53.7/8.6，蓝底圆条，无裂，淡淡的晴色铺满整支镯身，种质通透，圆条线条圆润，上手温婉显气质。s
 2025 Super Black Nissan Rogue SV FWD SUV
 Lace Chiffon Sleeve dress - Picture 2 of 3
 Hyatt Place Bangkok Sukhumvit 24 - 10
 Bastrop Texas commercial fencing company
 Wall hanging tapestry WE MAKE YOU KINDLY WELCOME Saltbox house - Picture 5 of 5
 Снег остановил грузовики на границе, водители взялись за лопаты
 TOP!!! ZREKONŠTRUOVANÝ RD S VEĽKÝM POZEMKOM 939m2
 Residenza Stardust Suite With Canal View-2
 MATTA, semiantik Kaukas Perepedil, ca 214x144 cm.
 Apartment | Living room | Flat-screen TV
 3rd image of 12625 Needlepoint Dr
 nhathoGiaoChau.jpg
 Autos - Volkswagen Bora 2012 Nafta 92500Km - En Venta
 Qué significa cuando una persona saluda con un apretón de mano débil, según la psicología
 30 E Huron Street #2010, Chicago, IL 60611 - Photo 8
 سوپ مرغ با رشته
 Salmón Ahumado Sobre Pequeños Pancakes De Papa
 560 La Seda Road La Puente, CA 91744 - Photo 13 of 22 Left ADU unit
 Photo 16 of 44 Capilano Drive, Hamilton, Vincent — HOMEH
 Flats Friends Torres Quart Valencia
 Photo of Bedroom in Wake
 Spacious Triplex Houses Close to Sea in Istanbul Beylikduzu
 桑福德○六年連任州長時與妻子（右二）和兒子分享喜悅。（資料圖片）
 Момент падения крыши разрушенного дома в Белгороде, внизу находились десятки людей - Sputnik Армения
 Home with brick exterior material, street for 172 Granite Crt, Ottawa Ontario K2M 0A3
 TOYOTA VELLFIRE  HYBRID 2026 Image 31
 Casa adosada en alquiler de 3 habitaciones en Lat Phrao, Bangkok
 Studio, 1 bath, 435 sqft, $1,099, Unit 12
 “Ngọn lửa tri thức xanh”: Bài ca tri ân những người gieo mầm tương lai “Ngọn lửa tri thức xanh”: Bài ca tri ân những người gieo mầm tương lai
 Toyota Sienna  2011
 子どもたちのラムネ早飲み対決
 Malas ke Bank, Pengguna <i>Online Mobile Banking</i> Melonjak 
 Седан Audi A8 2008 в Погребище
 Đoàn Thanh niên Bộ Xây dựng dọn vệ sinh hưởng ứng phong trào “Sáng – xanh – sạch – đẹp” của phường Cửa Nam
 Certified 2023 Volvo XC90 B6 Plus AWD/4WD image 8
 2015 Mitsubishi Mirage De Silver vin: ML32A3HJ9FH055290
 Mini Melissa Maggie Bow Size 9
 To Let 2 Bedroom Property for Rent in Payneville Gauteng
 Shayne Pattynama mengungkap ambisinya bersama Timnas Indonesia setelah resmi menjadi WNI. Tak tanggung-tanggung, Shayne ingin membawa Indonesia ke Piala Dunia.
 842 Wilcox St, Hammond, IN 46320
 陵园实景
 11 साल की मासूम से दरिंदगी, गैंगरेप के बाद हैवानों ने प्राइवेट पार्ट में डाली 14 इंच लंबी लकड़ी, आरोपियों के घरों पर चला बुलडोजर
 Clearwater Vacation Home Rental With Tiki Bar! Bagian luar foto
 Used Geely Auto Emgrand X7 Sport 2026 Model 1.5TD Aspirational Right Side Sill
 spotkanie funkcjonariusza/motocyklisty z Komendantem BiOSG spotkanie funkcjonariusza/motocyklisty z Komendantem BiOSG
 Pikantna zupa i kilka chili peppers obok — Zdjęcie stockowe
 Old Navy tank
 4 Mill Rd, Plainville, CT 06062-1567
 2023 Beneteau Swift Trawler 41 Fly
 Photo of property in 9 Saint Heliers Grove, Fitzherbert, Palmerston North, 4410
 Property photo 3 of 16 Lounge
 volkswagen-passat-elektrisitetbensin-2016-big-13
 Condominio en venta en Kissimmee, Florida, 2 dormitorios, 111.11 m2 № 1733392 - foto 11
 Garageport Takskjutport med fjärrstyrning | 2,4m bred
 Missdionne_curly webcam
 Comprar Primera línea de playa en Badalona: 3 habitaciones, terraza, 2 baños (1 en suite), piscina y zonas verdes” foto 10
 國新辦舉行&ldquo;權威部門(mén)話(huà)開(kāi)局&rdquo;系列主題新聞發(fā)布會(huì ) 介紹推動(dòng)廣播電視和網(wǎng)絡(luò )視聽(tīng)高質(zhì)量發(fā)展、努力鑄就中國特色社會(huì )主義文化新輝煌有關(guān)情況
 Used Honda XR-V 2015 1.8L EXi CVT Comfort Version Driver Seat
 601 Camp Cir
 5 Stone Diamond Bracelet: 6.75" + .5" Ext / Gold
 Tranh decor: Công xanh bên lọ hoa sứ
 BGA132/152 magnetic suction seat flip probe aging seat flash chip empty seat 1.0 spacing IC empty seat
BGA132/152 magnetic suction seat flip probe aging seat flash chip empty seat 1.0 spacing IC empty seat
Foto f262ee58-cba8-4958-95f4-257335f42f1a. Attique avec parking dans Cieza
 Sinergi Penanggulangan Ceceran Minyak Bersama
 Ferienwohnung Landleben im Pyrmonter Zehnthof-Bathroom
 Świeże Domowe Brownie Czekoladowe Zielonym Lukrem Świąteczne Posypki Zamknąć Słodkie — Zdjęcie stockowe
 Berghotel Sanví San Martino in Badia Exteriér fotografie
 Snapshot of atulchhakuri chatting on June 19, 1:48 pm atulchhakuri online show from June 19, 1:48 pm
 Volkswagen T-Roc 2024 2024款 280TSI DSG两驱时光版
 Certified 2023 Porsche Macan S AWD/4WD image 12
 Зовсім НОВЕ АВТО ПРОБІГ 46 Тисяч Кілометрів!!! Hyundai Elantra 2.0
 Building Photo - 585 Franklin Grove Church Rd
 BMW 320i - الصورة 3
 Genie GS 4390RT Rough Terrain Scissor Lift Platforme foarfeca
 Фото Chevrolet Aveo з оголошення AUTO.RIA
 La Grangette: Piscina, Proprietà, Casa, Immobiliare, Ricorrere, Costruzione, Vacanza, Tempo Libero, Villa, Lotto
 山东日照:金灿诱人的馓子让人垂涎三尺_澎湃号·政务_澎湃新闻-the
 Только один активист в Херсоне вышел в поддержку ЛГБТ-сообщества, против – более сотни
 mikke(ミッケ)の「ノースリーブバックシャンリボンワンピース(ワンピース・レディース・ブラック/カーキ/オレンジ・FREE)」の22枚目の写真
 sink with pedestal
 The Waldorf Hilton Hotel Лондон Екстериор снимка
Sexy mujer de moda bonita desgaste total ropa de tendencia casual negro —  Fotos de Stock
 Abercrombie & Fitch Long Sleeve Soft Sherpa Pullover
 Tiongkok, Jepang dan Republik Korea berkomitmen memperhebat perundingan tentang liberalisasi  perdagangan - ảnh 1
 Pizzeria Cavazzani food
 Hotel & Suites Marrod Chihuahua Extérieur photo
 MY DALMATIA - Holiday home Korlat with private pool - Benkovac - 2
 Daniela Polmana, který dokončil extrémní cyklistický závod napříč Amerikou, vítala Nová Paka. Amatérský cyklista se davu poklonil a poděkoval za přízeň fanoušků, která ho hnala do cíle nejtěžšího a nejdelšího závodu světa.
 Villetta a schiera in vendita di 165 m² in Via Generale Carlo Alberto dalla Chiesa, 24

== == ==

#### Task description:
Retype exactly, and only, the lines above from the one where "山东日照:金灿诱人的馓子让人垂涎三尺_澎湃号·政务_澎湃新闻-the" occurs up to and including the one where "Hotel & Suites" occurs.

#### Output for this task:
 山东日照:金灿诱人的馓子让人垂涎三尺_澎湃号·政务_澎湃新闻-the
 Только один активист в Херсоне вышел в поддержку ЛГБТ-сообщества, против – более сотни
 mikke(ミッケ)の「ノースリーブバックシャンリボンワンピース(ワンピース・レディース・ブラック/カーキ/オレンジ・FREE)」の22枚目の写真
 sink with pedestal
 The Waldorf Hilton Hotel Лондон Екстериор снимка
Sexy mujer de moda bonita desgaste total ropa de tendencia casual negro —  Fotos de Stock
 Abercrombie & Fitch Long Sleeve Soft Sherpa Pullover
 Tiongkok, Jepang dan Republik Korea berkomitmen memperhebat perundingan tentang liberalisasi  perdagangan - ảnh 1
 Pizzeria Cavazzani food
 Hotel & Suites Marrod Chihuahua Extérieur photo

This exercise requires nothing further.